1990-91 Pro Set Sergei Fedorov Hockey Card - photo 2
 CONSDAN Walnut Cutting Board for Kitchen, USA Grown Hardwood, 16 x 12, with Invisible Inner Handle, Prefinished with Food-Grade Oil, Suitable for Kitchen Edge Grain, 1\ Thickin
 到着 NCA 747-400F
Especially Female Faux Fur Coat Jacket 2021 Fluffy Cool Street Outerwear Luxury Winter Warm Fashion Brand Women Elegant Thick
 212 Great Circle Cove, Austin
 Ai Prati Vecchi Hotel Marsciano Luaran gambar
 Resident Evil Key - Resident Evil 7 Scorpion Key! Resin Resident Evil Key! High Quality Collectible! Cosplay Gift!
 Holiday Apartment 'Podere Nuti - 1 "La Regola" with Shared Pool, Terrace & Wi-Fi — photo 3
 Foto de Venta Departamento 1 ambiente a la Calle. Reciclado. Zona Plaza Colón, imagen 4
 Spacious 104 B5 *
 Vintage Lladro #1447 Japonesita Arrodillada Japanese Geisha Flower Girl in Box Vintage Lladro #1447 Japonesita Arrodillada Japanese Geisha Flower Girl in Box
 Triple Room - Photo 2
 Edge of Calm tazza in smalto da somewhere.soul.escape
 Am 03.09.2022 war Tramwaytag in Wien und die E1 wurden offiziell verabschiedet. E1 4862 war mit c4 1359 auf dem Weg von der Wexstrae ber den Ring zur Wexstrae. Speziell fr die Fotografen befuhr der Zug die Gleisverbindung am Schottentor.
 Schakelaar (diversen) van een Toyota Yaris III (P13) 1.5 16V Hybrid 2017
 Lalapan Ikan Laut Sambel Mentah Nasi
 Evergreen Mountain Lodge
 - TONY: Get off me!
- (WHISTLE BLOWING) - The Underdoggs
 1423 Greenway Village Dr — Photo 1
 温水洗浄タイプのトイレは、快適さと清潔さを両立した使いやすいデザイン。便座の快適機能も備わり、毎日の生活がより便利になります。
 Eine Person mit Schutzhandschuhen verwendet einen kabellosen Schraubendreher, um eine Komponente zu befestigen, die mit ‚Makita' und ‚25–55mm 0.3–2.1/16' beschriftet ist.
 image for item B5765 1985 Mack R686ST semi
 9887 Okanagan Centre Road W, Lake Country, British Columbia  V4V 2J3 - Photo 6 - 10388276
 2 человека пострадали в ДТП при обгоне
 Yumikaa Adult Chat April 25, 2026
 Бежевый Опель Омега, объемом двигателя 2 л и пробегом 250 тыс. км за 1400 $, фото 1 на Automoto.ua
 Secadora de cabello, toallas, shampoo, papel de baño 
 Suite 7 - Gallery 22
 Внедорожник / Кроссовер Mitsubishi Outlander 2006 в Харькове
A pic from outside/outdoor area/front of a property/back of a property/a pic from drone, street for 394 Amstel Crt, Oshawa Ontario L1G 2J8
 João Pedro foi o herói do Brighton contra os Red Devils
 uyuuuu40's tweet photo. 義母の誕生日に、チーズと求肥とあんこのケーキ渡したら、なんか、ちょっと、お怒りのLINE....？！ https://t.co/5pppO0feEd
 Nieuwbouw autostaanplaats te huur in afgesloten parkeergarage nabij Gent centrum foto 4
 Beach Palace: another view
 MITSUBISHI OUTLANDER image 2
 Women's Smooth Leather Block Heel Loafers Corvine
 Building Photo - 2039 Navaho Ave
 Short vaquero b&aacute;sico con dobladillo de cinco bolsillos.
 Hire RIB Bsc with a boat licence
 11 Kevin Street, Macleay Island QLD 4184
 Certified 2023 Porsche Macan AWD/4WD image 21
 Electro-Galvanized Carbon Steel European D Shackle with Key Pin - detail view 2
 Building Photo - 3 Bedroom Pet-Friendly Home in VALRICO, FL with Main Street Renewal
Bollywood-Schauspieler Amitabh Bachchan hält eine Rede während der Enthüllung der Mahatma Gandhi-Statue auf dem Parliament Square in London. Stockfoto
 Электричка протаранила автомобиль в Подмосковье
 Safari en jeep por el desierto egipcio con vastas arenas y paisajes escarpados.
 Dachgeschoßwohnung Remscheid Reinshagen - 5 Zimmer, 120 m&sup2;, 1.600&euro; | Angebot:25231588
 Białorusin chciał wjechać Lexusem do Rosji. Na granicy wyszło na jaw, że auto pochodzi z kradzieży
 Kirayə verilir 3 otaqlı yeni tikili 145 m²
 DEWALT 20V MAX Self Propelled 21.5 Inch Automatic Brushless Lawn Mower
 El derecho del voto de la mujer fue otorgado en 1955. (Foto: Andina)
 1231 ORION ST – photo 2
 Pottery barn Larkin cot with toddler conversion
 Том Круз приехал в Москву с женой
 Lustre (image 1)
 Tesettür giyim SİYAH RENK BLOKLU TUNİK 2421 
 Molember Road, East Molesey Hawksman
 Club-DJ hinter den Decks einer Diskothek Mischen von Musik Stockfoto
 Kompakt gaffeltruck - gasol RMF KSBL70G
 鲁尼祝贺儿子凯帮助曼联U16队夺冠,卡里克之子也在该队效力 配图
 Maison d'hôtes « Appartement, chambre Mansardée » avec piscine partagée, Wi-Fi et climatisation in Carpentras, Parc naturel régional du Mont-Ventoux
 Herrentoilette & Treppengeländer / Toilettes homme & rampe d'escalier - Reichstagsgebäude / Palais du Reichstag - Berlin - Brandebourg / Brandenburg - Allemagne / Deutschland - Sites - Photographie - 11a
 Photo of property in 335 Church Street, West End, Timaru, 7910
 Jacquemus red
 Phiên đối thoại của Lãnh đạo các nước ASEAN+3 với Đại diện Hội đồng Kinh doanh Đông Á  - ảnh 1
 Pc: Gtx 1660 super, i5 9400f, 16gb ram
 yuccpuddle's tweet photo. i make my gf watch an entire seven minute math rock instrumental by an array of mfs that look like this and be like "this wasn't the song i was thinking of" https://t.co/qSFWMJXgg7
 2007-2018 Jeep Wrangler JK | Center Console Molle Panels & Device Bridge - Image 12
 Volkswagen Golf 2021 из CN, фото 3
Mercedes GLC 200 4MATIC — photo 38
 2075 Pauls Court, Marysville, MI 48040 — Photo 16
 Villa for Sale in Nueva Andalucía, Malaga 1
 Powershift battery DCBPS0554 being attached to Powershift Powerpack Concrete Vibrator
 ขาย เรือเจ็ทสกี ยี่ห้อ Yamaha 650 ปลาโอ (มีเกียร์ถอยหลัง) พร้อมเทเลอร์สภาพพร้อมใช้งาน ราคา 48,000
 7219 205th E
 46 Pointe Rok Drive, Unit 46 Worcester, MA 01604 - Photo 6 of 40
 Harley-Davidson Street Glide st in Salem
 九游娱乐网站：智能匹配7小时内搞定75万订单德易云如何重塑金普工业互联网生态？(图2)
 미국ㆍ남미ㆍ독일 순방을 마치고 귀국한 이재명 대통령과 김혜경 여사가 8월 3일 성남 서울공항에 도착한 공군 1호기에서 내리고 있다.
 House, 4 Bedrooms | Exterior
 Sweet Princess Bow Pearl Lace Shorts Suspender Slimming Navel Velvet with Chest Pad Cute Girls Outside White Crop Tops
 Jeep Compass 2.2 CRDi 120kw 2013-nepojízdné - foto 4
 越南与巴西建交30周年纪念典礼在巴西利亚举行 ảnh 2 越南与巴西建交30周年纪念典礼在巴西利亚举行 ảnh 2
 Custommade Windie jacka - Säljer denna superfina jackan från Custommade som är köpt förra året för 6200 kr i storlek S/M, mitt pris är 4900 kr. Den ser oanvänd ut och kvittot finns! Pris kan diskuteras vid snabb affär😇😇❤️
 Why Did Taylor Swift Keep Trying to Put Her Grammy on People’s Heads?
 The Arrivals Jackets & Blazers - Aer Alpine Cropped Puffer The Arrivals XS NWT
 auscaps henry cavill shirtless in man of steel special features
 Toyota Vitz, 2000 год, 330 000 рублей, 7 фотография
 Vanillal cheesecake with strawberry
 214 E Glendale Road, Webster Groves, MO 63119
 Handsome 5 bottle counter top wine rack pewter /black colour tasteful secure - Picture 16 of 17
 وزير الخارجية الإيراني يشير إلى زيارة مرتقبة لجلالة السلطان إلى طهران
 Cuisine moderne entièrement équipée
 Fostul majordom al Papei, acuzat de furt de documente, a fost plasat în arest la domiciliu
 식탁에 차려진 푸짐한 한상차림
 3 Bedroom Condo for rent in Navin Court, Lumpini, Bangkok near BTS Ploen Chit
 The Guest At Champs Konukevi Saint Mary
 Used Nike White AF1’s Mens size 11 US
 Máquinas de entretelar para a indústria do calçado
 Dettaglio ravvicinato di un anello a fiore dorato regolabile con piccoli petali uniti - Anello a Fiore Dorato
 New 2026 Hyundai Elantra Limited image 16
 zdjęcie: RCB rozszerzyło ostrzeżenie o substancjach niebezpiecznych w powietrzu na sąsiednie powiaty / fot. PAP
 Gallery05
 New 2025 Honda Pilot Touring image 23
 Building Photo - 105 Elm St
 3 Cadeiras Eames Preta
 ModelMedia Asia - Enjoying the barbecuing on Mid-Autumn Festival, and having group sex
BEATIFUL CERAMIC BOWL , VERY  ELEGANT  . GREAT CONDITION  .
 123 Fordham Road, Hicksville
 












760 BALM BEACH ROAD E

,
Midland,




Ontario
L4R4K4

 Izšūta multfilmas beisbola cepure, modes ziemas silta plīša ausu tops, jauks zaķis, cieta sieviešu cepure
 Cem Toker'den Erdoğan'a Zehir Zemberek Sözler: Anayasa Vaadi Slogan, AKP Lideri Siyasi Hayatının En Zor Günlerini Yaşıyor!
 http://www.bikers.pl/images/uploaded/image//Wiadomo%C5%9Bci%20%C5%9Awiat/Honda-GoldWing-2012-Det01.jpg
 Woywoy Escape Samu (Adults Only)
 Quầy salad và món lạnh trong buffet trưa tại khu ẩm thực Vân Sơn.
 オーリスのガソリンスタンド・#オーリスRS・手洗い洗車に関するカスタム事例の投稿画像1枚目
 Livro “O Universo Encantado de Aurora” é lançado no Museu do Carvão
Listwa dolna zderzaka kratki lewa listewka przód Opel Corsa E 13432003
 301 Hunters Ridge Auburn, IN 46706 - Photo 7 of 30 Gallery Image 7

══════════

Your answer should consist solely of the lines above from the line with "Cuisine moderne entièrement équipée" to the line with "New 2026 Hyundai Elantra Limited image 16", both included, reproduced exactly.

Result for this task:
 Cuisine moderne entièrement équipée
 Fostul majordom al Papei, acuzat de furt de documente, a fost plasat în arest la domiciliu
 식탁에 차려진 푸짐한 한상차림
 3 Bedroom Condo for rent in Navin Court, Lumpini, Bangkok near BTS Ploen Chit
 The Guest At Champs Konukevi Saint Mary
 Used Nike White AF1’s Mens size 11 US
 Máquinas de entretelar para a indústria do calçado
 Dettaglio ravvicinato di un anello a fiore dorato regolabile con piccoli petali uniti - Anello a Fiore Dorato
 New 2026 Hyundai Elantra Limited image 16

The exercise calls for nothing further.